Mechanization powers the way to Africa’s sustainable development
TICAD7 hears renewed calls for sustainable agricultural mechanization in Africa
30 August 2019, Yokohama – Agriculture is crucial to Africa’s development but needs increased mechanization to boost economic productivity, reduce harvest and post-harvest losses and meet growing demand for food. This is one of the messages that has emerged during the seventh Tokyo International Conference on African Development (TICAD7) held in Yokohama, Japan.
Sub-Saharan Africa has the world’s highest area of uncultivated arable land but productivity lags far behind other developing regions. Yields are only around half of the international average, far below the growth levels needed to keep pace with food demand driven by population growth. Mechanization can dramatically improve the yield gap.
At a TICAD7 side-event hosted by the Coalition for African Rice Development (CARD), a framework for sustainable agricultural mechanization in Africa was presented by the African Union Commission (AUC) and the Food and Agriculture Organization of the United Nations (FAO).
“Through appropriate mechanization, small scale farming can be transformed into a more market-oriented business, improving labour productivity and helping enable farmers to lift themselves out of poverty. To achieve this, we need to enhance access to mechanization services,” FAO Director-General Qu Dongyu said in his speech at the event.
“We need to relieve farmers of hard manual labour, particularly women, who have the double burden of working in the fields as well as caring for their households,” the FAO Director-General added.
The framework, which was launched last year and is gaining traction in the region, aims to help countries replace antiquated tools with modern mechanization methods to achieve food security, agricultural development and overall economic growth.
It sets out priority elements for national mechanization strategies, including learning from other parts of the world where significant transformation of the agricultural sector has already occurred within a three-to-four decade timeframe, and supports the development of policies and programmes to realize Africa’s goals.

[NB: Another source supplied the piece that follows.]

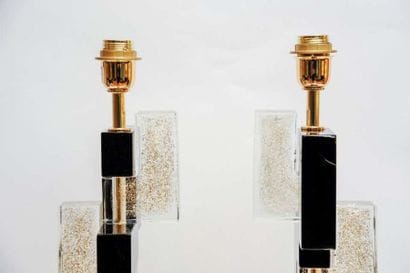 MURANO: Pair of constructivist lamps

Mechanization in the 21st century can provide much-needed support to the entire agricultural value chain. Driven by the private sector, mechanization should be environmentally-competitive, climate-smart, economically viable and affordable, especially to small-scale farmers who constitute the bulk of African farmers. It should also target youth specifically to make agriculture more attractive for employment and entrepreneurship.
Full mechanization along the value chain includes enhancing access to mechanization services, improving access to quality and affordable inputs, such as seed and fertilizer, delivering efficient water resources management systems including irrigation, and reducing harvest and post-harvest losses through threshing, drying, and storing, adding value through milling, processing and packaging, and improving market access through transportation.
FAO is organizing regional and national training workshops to support small-scale mechanization in Africa, and is supporting national governments to develop strategies based on the FAO/AUC Framework for Sustainable Agricultural Mechanization in Africa.